The social construction of “RACE” in the United States.

We are often made to believe that we are not living in a post-racial society with valuable historical links. We sometimes often stay away from the topic because we get very sensitive when it is brought up or even discussed. We often struggle how to distinguish European Americans from African Americans, Asian Americans, Latinas and Latinos, Native Americans and other groups. Whenever race comes up, an interesting question appears not to be discussed, “how has race been socially constructed?”

Race always has matters in the United States as both social and individual. The social construction of race has been developed within various legal, economic, political, cultural and sociopolitical contexts, and may be the effect, more rather than the cause of the main race-related issues that our society faces today. We see these cases from the early 1700s and 1800s, up to the late 1900’s, who was Black or White was a matter of state laws. You could be black in one state, but when you crossed the state line, you are no longer black. Some states said if you look or even act Black, you’re Black. Some states said if you have one-quarter of Black blood running through your veins, you’re Black. Some states declared if you have one-drop of Black blood you are solely Black.

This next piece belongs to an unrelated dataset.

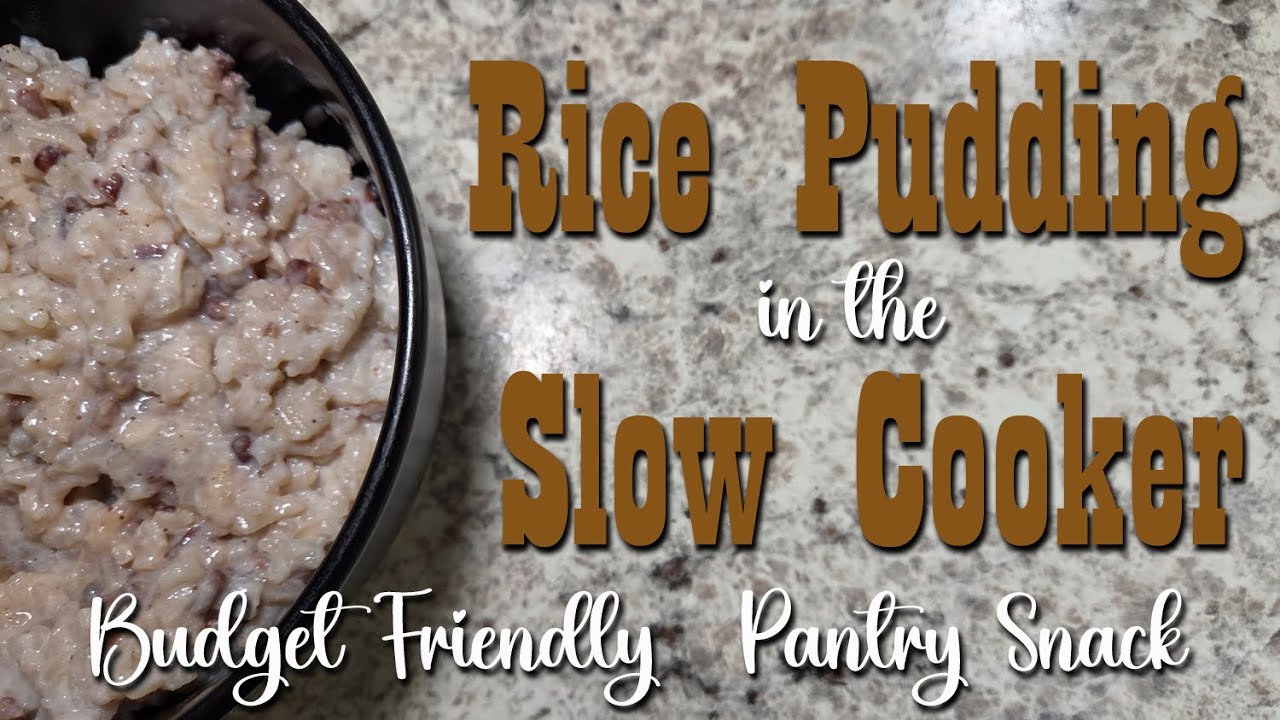 Rice Pudding in the Slow Cooker ~ Budget Friendly Pantry Snack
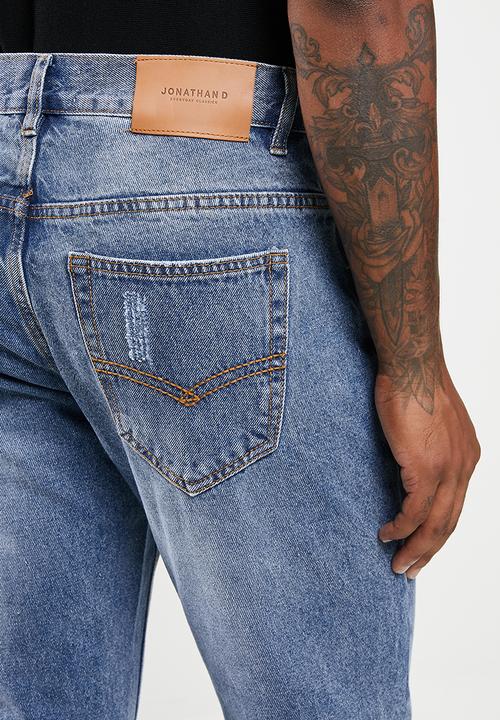 Jonathan D - Tobi relaxed straight leg jeans - light blue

The social construction of “race” in the United States was constructed by the power to help create dichotomies between Whites and Blacks to show some form of inferiority and superiority. A social construct does not have a basis in the natural world but an artificial distinction created by human beings to show some dominance. To jump ahead, the Naturalization Act of 1790 limited U.S. citizenship to Whites (European-Americans) only. The Jim Crow law between 1877 and the mid 60’s shows that Blacks and Whites were to be separated not equal. The construction of race in the United States has not been a Whites vs. Blacks issue, but a human cause. The Anti-Irish sentiment or Hibernophobia included racism, oppression, bigotry, persecution, and discrimination. Irish Americans along with Polish and Italians were not considered entirely White.

They were also discriminated and treated unfairly, just like everyone else. Race is socially constructed, but not individually created. Individuals have some impact on how they viewed themselves and how they see the world. But, individuals don’t get to define their racial identity. In the United States, race has been so important regarding constructing an identity that to be an American, early on, really meant to be (White) of Caucasian descent. While race is understood to be a social construct by many, most scholars would agree that race has real, material effects in housing discrimination, legal process, policing practices, in education, and many other domains of society.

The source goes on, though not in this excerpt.